WORK REQUIRED
Your task is to copy the stretch of lines in the records below that begins with the line containing "Attack On Titan" and ends with the line containing "18K White Gold COUTURE-0426OV Ring", exactly as written, with nothing added.

GIVEN RECORDS START

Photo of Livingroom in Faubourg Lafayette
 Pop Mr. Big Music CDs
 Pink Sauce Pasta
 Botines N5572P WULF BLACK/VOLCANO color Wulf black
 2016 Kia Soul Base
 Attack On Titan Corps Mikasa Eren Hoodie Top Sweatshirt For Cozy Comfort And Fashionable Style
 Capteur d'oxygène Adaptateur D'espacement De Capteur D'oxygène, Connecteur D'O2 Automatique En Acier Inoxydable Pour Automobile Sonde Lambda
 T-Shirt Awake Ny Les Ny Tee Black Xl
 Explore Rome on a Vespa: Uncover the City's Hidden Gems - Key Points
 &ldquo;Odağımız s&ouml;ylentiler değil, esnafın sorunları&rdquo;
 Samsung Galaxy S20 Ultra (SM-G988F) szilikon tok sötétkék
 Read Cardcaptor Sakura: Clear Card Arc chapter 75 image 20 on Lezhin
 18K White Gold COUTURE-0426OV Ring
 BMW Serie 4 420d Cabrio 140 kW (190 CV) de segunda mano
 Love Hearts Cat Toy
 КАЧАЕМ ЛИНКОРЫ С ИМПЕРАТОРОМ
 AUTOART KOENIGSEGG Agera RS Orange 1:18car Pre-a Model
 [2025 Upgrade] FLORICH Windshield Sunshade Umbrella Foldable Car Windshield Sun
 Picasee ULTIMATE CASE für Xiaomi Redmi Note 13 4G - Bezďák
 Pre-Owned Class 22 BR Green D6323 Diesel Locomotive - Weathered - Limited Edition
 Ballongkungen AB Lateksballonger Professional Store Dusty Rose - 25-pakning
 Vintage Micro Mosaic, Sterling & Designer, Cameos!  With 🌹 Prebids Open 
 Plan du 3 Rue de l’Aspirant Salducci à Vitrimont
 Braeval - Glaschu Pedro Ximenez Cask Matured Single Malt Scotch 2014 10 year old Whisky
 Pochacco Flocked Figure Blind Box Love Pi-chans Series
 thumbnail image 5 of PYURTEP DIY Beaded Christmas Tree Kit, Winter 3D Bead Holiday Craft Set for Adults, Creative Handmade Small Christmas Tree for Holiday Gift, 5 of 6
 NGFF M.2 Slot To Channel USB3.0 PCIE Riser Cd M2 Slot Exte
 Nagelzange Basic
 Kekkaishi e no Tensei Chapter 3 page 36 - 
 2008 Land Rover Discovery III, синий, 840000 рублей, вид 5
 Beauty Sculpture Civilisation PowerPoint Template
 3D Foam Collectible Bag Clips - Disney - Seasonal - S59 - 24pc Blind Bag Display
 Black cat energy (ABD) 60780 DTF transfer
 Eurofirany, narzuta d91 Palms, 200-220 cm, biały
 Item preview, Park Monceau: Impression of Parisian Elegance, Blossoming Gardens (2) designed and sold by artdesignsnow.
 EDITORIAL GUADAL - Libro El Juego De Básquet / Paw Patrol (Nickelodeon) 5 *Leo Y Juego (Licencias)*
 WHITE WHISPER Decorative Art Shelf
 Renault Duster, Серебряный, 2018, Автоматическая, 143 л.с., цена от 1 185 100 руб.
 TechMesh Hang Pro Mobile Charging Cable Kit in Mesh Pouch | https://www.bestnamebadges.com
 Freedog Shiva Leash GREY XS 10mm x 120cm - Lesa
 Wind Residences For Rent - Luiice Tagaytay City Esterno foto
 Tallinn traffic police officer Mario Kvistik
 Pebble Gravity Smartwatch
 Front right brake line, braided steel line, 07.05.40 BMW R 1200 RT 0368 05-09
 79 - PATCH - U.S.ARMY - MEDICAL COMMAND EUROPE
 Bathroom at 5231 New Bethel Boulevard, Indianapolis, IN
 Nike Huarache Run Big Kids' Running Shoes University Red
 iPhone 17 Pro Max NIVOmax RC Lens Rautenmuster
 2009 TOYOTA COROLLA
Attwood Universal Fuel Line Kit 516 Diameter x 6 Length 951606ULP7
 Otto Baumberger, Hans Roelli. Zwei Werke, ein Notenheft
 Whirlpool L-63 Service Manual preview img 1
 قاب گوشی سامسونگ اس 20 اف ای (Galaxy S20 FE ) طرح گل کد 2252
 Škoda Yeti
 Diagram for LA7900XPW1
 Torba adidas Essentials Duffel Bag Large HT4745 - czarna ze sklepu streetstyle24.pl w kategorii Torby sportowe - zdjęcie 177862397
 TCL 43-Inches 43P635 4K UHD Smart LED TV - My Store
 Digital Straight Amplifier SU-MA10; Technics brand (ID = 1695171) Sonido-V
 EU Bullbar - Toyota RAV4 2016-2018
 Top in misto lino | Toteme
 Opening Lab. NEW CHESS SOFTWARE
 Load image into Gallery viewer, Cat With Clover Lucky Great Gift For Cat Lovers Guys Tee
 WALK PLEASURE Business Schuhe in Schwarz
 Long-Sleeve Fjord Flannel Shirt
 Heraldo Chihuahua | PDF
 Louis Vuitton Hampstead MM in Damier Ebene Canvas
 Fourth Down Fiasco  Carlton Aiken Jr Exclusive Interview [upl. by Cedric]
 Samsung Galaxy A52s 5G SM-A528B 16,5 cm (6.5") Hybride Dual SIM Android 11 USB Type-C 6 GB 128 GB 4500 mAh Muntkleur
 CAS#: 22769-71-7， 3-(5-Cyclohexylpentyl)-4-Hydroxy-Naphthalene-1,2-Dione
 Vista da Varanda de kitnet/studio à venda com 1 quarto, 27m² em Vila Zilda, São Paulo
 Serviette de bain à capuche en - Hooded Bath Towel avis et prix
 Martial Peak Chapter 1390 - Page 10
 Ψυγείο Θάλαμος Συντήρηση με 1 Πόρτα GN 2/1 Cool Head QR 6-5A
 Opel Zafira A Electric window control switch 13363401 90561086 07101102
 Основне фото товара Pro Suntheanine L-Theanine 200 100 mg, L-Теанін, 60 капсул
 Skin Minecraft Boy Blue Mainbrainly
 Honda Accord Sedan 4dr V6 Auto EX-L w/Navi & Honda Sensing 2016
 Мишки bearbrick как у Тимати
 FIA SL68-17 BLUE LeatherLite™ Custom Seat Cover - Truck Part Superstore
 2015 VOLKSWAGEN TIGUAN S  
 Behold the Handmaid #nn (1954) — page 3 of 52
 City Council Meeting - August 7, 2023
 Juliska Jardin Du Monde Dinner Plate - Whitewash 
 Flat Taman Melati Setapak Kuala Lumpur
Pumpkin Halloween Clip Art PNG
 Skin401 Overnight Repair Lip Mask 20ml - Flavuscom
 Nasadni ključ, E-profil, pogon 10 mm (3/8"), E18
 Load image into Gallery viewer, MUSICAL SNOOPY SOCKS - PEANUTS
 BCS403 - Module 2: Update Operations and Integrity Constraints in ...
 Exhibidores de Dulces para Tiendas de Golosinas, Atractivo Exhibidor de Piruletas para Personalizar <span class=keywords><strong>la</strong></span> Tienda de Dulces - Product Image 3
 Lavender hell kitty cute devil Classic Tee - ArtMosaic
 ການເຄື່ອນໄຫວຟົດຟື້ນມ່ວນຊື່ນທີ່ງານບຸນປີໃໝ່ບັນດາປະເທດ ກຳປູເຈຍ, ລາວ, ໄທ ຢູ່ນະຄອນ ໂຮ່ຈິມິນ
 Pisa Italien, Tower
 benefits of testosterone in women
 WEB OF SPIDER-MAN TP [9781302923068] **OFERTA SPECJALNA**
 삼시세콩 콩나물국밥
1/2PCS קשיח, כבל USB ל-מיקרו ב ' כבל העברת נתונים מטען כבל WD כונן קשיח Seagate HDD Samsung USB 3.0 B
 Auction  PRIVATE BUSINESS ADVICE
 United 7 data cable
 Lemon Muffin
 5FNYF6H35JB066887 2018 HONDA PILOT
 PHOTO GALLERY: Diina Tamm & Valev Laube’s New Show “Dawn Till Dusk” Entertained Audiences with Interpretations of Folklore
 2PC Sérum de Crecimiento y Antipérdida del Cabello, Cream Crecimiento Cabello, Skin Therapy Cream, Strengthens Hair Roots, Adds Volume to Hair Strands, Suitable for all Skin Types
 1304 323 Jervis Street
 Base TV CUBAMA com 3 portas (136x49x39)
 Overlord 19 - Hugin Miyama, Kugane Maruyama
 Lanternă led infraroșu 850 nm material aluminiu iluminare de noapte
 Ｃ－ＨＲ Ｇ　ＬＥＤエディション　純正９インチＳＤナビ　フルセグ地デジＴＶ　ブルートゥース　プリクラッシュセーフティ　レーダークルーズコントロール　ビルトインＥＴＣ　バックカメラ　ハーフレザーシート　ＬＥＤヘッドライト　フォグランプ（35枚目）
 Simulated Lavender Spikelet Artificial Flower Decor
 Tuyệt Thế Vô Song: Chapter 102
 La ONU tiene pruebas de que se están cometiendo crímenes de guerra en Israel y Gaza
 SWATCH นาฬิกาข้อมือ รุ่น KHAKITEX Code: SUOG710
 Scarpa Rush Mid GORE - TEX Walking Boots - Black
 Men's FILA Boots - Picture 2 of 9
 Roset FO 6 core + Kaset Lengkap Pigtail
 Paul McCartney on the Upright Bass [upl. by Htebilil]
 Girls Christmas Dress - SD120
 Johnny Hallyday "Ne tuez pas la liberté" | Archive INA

GIVEN RECORDS END

YOUR RESPONSE
 Attack On Titan Corps Mikasa Eren Hoodie Top Sweatshirt For Cozy Comfort And Fashionable Style
 Capteur d'oxygène Adaptateur D'espacement De Capteur D'oxygène, Connecteur D'O2 Automatique En Acier Inoxydable Pour Automobile Sonde Lambda
 T-Shirt Awake Ny Les Ny Tee Black Xl
 Explore Rome on a Vespa: Uncover the City's Hidden Gems - Key Points
 &ldquo;Odağımız s&ouml;ylentiler değil, esnafın sorunları&rdquo;
 Samsung Galaxy S20 Ultra (SM-G988F) szilikon tok sötétkék
 Read Cardcaptor Sakura: Clear Card Arc chapter 75 image 20 on Lezhin
 18K White Gold COUTURE-0426OV Ring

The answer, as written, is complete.